I was blessed with intelligence and was always told that I could do anything I wanted to do; that I could be anything I wanted to be. I thought I had all the time in the world to figure out what I wanted out of life and all the time I needed to get it.

Ultimately, what I discovered is that life is a whole lot shorter than we think or care to admit.

By the time it dawned on me that I was out of time; by the time I woke up to the fact that I had committed grievous errors that could not be corrected; by the time I looked in the mirror and realized that the man I had once hoped to become was nowhere to be found; by the time I admitted to myself that I had failed as a husband, a father, a friend and as a member of society, I was 55 years old and I was hovering near death in the bathroom of a cheap motel in South Florida after trying to kill myself while the FBI was standing outside my door waiting to arrest me for possession of child pornography.

The FBI had taken my computer from me almost a year and a half prior to that day and I knew that they would one day return for me. That knowledge did nothing to lessen the shock of the reality that morning in August of 2009 when I stepped out of my motel room and saw the blue nylon windbreakers with the big yellow letters on the back that told me they had come.

They had gone to the office first, where I was supposed to be working. Moments before they arrived, I had walked to my room to get something, enabling me to see them before they saw me. I turned and darted back unnoticed into my room.

I stared at myself in the bathroom mirror with tears of hatred in my eyes, looking into the face of a man that I simply did not know. It seemed that as my age had climbed steadily higher, my morality, my honesty, my decency and my sense of humanity had descended lower and lower.

I then attempted to take my own life and was very close to death when I turned to God, whom I had rejected and ignored for almost forty years. I asked Him to forgive me and for reasons that could only have been a result of His intervention, the FBI agents decided to break into my room, enabling them to discover me and call for an ambulance.

So now I stand before all of you, obviously very much alive, and while the act of standing here and speaking of these things is embarrassing and indescribably difficult, I am grateful to God that I am able to do it and I pray that I can somehow reach a place inside some of you that will stir something that will enable you to avoid anything resembling a similar fate.

The question looms: How did I get to that point where I deemed death by my own hand to be the only solution to the problem I had created? After waking up in the hospital the day after my suicide attempt, I decided to turn my life over to God.

Over the course of the next 7 months my case proceeded through the criminal justice system until, on April 1, 2010, I voluntarily surrendered at the Federal Correctional Institution in Oakdale, Louisiana. For my crimes against society, I had received a sentence of 57 months in prison. For my 40 years of sinful living and willful disobedience to God I received…..forgiveness.
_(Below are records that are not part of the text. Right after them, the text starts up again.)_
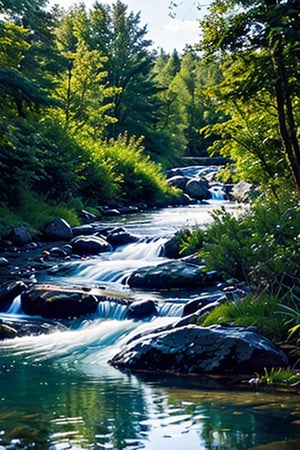 realistic brookside in scotland, evening time, tall trees at far, giant grizzly bear sitting in brook, looking at the river, clear glass like water running, fishes swimming in the river against the stream 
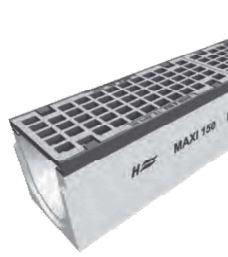 Caniveau System Maxi 150 - E 600 avec grille et longeron en fonte - 1000 mm de long - 68,8 kg_0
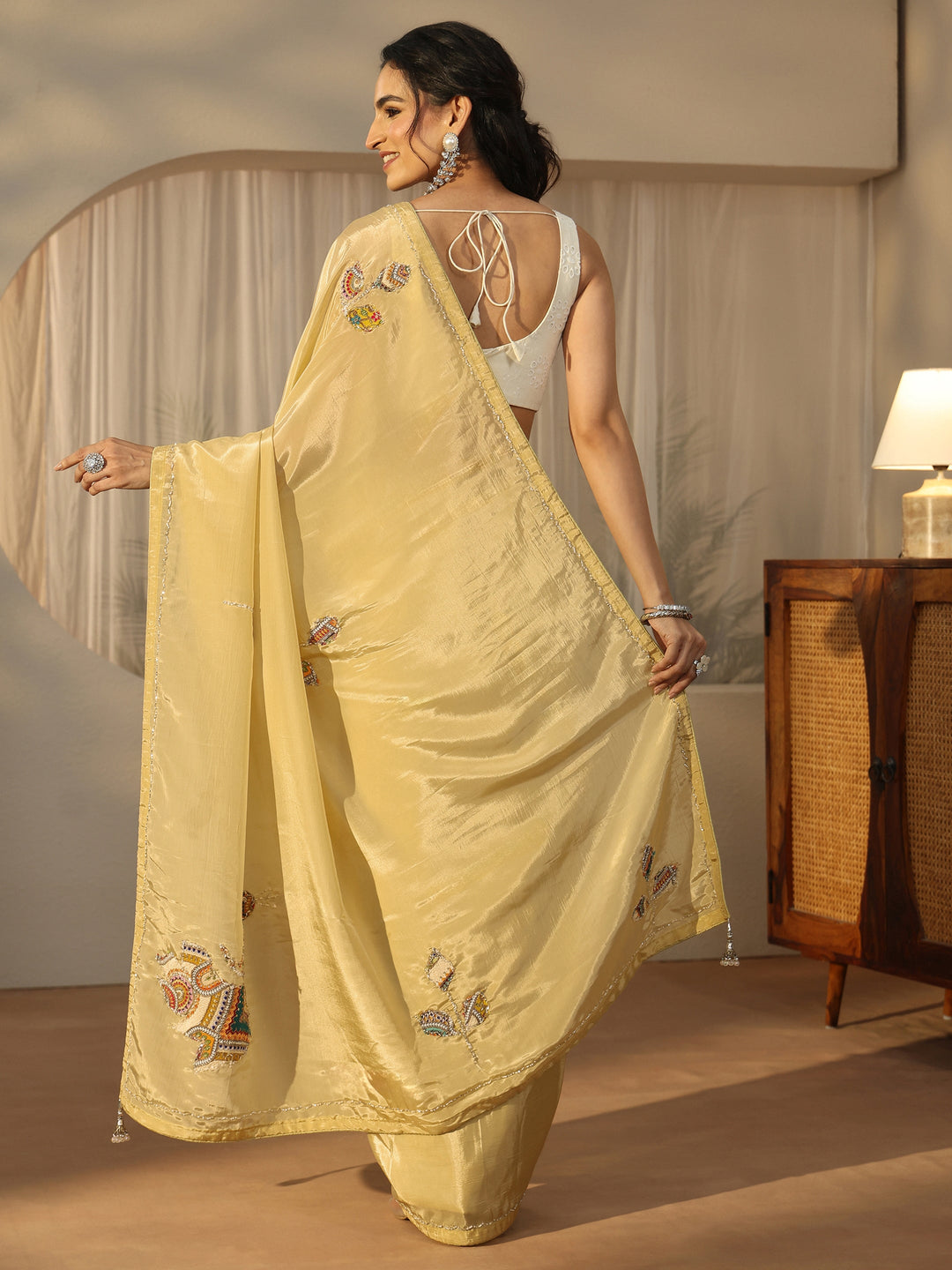  Libas Butter Yellow Embellished Satin Saree with Applique Design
I humbly accepted that forgiveness, thanking God for His mercy and grace and I resolved to use the time I would be incarcerated to look for answers that would help me understand what had gone wrong in my life while welcoming God into my life to help me learn how I should live upon my release.
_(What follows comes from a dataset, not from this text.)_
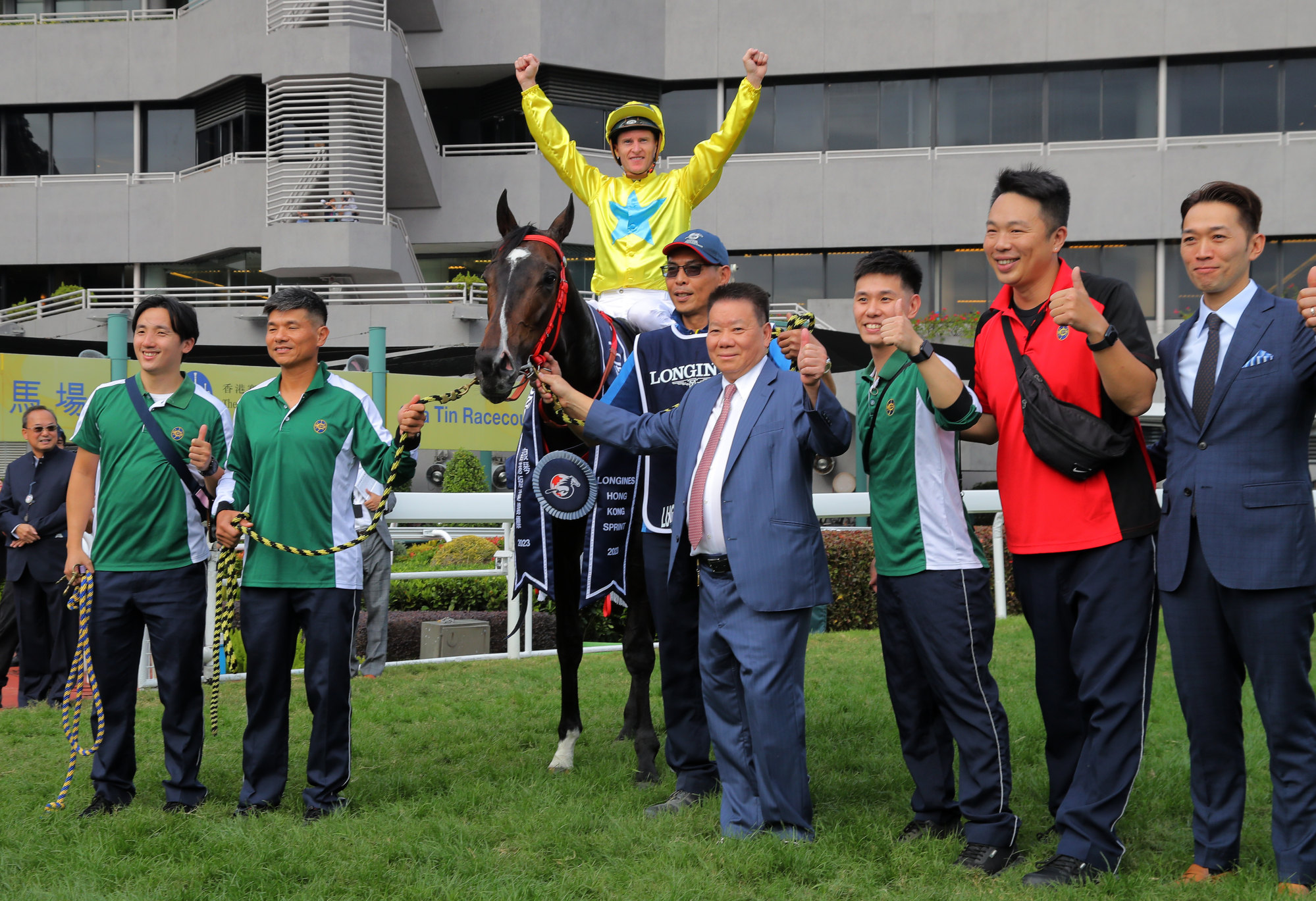 Manfred Man celebrates Lucky Sweynesse’s Group One Hong Kong Sprint (1,200m) win. Photo: Kenneth Chan.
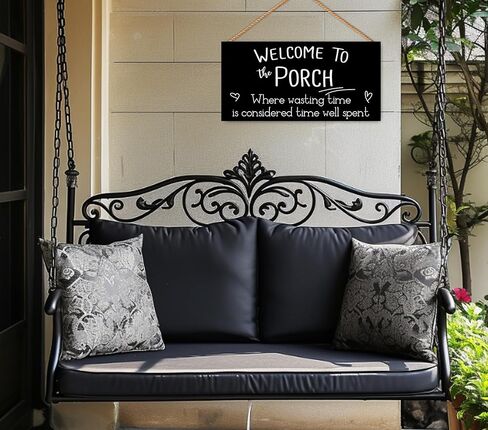 مرحبًا بكم في اللافتات الخشبية للشرفة، لافتات الشرفة الخارجية لديكور الشرفة الأمامية المعلقة للجدار، 11.8 × 5.9 بوصة in Kuwait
While in prison, I discovered that the complexities which make up the later years of our lives begin to form during the seemingly simple act of growing up.

As very small children, when we cried out in pain or in need, there was usually someone close at hand to offer us comfort. When we skinned our knees or fell off our bikes, when a sibling hit us or called us a name, no matter the insult or the injury, most of us let the world know when we hurt and where we hurt. As we get older, we transition into private individuals who feel as if we need to deal with things ourselves. We still seek help with external injuries like cuts, bruises and broken bones. But many of us keep all to ourselves the pain from things that hurt inside – pain that can be much worse than that of the most severe physical injury that we can imagine.

We keep this internal pain hidden possibly because we feel that it is not “grown up” to do otherwise. Perhaps our silence grows out of embarrassment or a sense of shame. Sometimes we feel that we will be viewed as “babies” if we talk about things that hurt us inside, especially when we are male. And finally, we feel as if no adult could ever understand the pain of youth or that our friends and peers would just make fun of us or think us silly.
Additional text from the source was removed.